Appellations d’Origine Protégée (AOP)

Les produits portant le label AOP possèdent des caractéristiques attestées qui résultent exclusivement du milieu naturel et du savoir-faire des producteurs de la région auxquels ils sont associés. Les AOP nécessitent par conséquent que toutes les étapes du processus de production se déroulent dans la zone concernée et il doit exister un lien objectif étroit entre les caractéristiques du produit et son origine géographique. L’«huile d’olive de Nyons», le «Queijo Serra da Estrella» et le «Shetland lamb» en constituent des exemples. En d’autres termes, seuls peuvent faire usage de ces noms et du logo AOP l’huile d’olive originaire d’une zone reconnue dans les environs de Nyons (France), le fromage provenant de la zone désignée de la Serra da Estrella (Portugal) et l’agneau né, élevé et abattu dans les îles Shetland (Royaume-Uni). Le lien géographique est plus approfondi pour les AOP que pour les IGP.

Indications géographiques protégées (IGP)

Les produits affichant le logo IGP possèdent une caractéristique ou une réputation particulière qui les associent à une région déterminée. Il est nécessaire qu’au moins une étape du processus de production se déroule dans cette zone, alors que les matières premières utilisées peuvent provenir d’une autre région. On peut citer comme exemple le «Clare Island Salmon», la «Arancia Rossa di Sicilia» et la «Dortmund Bier» : les seules denrées alimentaires qui peuvent porter ces appellations et le logo IGP sont le saumon de Clare Island (Irlande), les oranges sanguines de Sicile et la bière de la région de Dortmund (Allemagne).

Spécialité Traditionnelle Garantie (STG)

Le logo STG est utilisé pour les produits présentant des caractéristiques particulières dues à des ingrédients ou des méthodes de production traditionnels. Au nombre de ces produits figurent par exemple le pain «Kalakukko», le «Jamón Serrano», et la bière «Kriek». Ces dénominations ont été enregistrées à la suite de demandes présentées respectivement par la Finlande, l’Espagne et la Belgique, mais elles peuvent être utilisées par tout producteur respectant le même cahier des charges. La «spécificité» de ces produits provient de la caractéristique ou de l’ensemble de caractéristiques qui les distinguent clairement d’autres produits ou aliments similaires appartenant à la même catégorie.

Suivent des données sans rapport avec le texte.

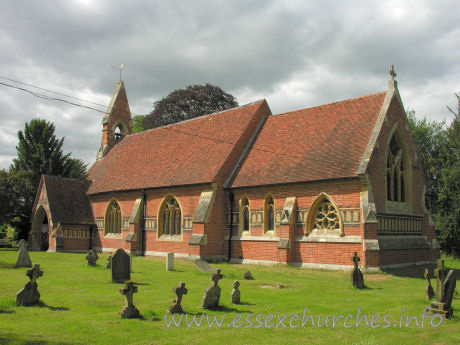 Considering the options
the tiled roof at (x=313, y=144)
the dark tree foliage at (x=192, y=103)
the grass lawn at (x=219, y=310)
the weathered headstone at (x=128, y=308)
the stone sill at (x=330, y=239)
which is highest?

Les STG sont couvertes par un règlement spécifique de la Commission.

L’UE compte aujourd’hui plus de 700 indications géographiques et appellations d’origine (en sus des vins et spiritueux). Les pays qui comptent le plus grand nombre d’indications géographiques sont l’Italie, la France, suivies de l’Espagne, du Portugal et de la Grèce. En ce qui concerne les spécialités traditionnelles garanties, le nombre d’appellations enregistrées est beaucoup plus faible.

La quasi-totalité des produits agricoles est concernée en Europe. Parmi les produits protégés figurent les fromages, les viandes, mais également la bière, les poissons et même le nougat. Mais cela concerne aussi certains produits agricoles non destinés à la consommation humaine tels que par exemple les plantes ornementales, les fleurs, le liège, le foin, la laine, l’osier et les huiles essentielles.